The French army launched the ‘Saar offensive’ on the 7th of September 1939 against the Germans due to the German invasion of Poland, as they promised. This French offensive on German soil was halted by the French commanding officers. But was that even logical as an estimated 90% of the German armed forces was at the Polish front?
A much-debated subject by historians and enthusiasts is whether the French should have pushed on into Germany, knowing that most of the German armed forces were stationed in Poland. That way there is a completely alternative history theory, however, that is of course a big if.
With the non-aggression pact between Germany and Russia it was decided that in case of war and an invasion of Poland that the country would be split between the two of them.
This meant that the allies were even more in dispute with Germany since they already gained some territorial gain in the few years previous. This is one of the reasons that France and Britain would declare war on the Germans in case of a Polish invasion. However France also promised Poland that in case of an invasion they would invade Germany.

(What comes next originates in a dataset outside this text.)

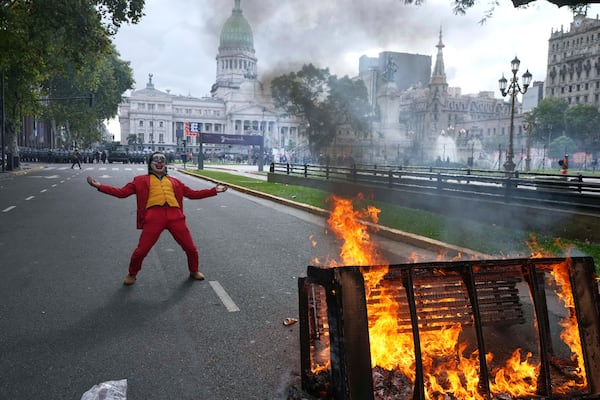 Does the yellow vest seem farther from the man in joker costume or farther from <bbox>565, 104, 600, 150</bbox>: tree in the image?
<bbox>565, 104, 600, 150</bbox>: tree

As most of us know that the invasion of Poland started on the first of September 1939 with a deception by the Germans to make it look like Poland started the war. Two days later on the third of September 1939 the United Kingdom and the French declared war to Germany.
The Saar offensive
The French kept their promise in case of an invasion to attack Germany and started the offensive on the night of the 7th of September 1939. However a few weeks prior they had strategically placed some army units at the France-German border.
On that night the French crossed the border next to Saarbrücken with eleven divisions, instead of the promised 35(expandable to 40) divisions. The frontline with these 11 divisions stretched for 32km along the French-German border.

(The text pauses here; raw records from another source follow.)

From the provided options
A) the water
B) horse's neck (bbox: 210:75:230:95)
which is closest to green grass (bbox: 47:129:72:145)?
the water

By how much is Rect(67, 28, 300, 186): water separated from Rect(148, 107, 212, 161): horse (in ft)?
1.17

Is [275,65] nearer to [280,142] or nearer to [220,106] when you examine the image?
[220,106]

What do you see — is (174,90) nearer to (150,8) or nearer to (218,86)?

However it is estimated that 90% of the combined German armed forces were at the time working on the Polish invasion. This meant that there was very little resistance in the Saar region to stop the French from moving further, except static defenses. Along the German west border the german army had only 23 divisions stationed there, stretched along the whole western border.
Prior to the Saar offensive the Germans didn’t prepare any defensible positions for a massive French assault besides the already built Westwall and Sigfriedline. Hitler didn’t accept any requests from Oberkommando der Wehrmacht to fortify the positions along the French border during the Polish invasion. It was thought that the French wouldn’t dare to declare war to Germany. How wrong were they.
The French assault came to a halt by the many minefields and obstacles at the Westwall(Siegfriedline). However it must also be noted that the French army at that time, wasn’t organized enough to support a full-scale offensive as the Germans could do. There simply wasn’t enough material to support the planned 35-40 divisions for the assault. Because of this, the French high command wanted to keep the offensive just to a static frontline war, as in the first world war.
However, the French high command was also afraid for a large scale German air counterattack. But not knowing that most of the German planes were sent to the Polish front, they had to keep this in mind as well. These reasons combined was enough motivation for the French at the time to halt the Saar offensive.
After the collapse of Poland on the 21st of September 1939, the French general Maurice Gamelin ordered the French divisions to return to their starting positions on the French side of the border, near the Maginot line. All gained territory was given back to the Germans at the cost of about 2000 French casualties.
And so the ‘Phoney war‘, the sitting war, had begun.
Of course with the information we have available after the war, and today. It is easy to speculate what could have happened if the French continued the offensive and pushed well beyond the German borders, perhaps even towards Berlin. This might have brought Germany on its knees and might have avoided an escalated war in Europe. But that is of course a big if, we will never know how it could have ended.
After the war, at the Nuremberg trials, the German military commander Alfred Jodl said ‘if we did not collapse already in the year 1939 that was due only to the fact that during the Polish campaign, the approximately 110 French and British divisions in the West were held completely inactive against the 23 German divisions‘.